What needs to be done =>
For this exercise, copy all the data exactly and include none of the pictures.

───── Data shown

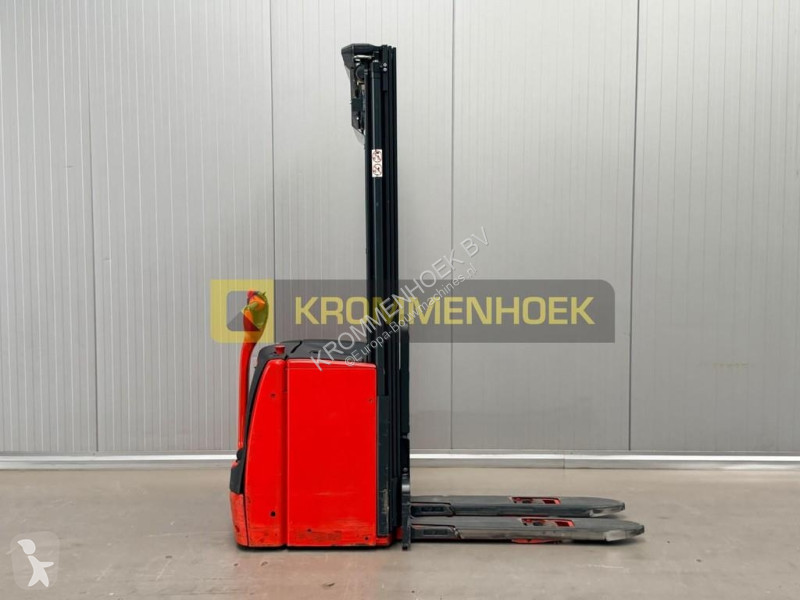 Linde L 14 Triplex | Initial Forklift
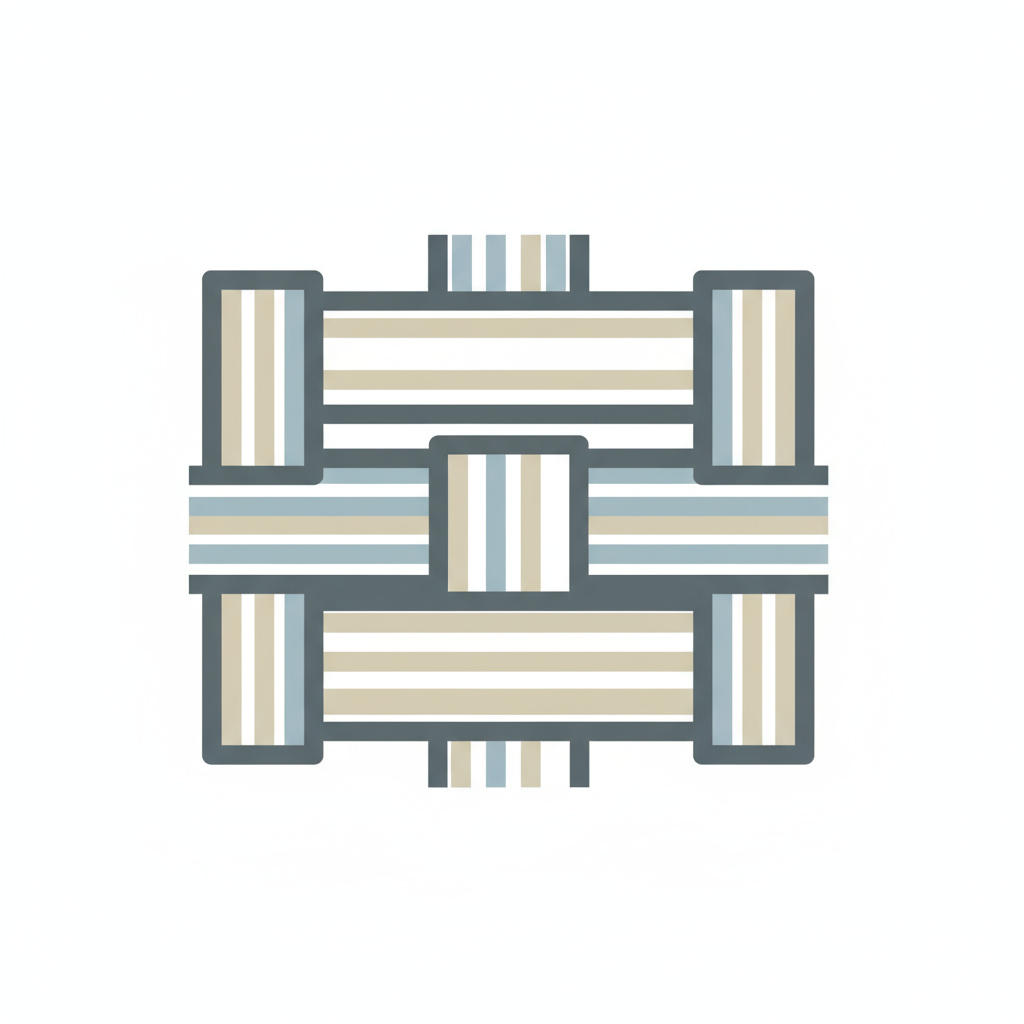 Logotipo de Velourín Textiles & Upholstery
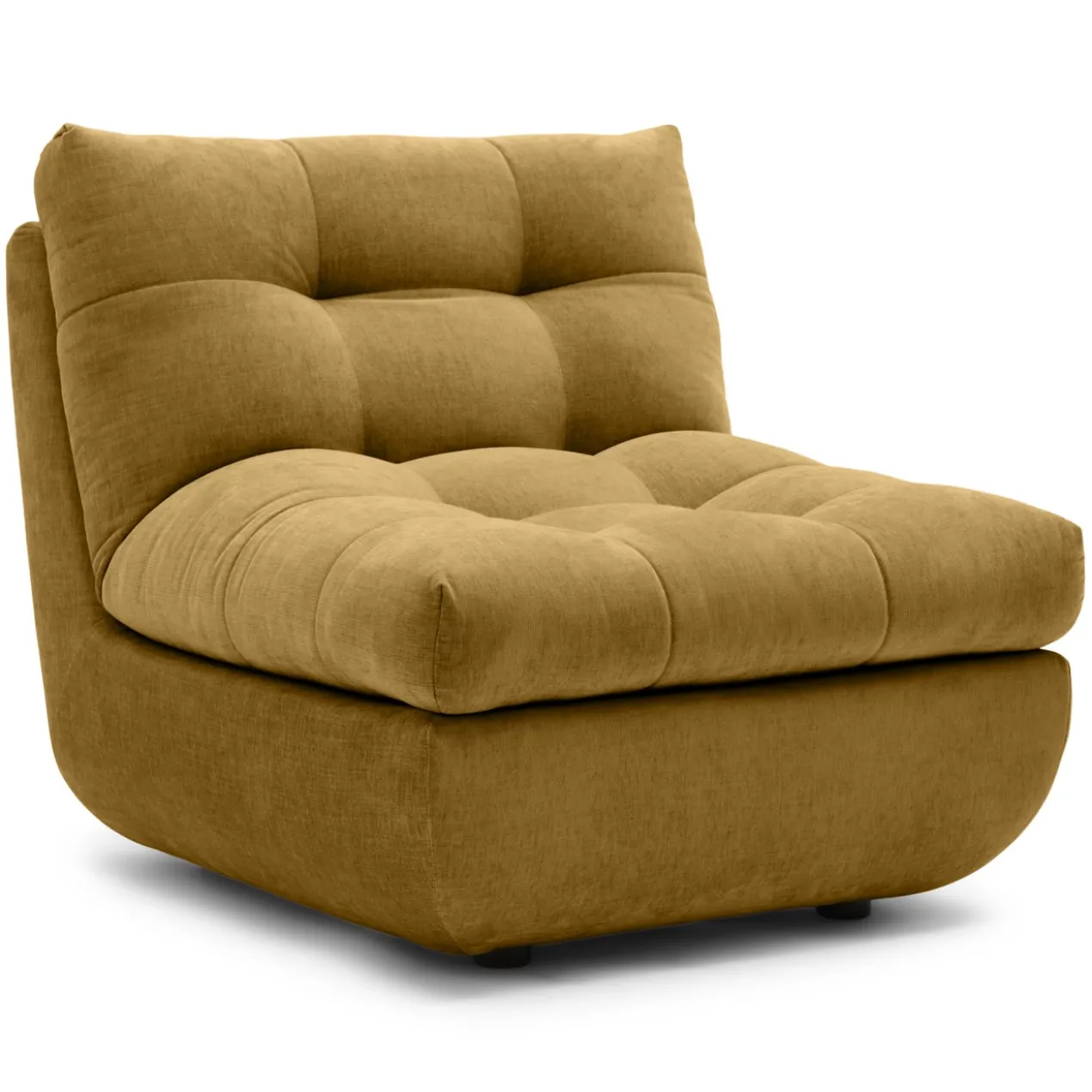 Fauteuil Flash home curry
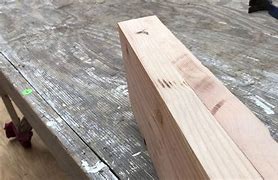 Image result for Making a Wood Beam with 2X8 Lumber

──────────

The completed task =>
 Linde L 14 Triplex | Initial Forklift
 Logotipo de Velourín Textiles & Upholstery
 Fauteuil Flash home curry
 Image result for Making a Wood Beam with 2X8 Lumber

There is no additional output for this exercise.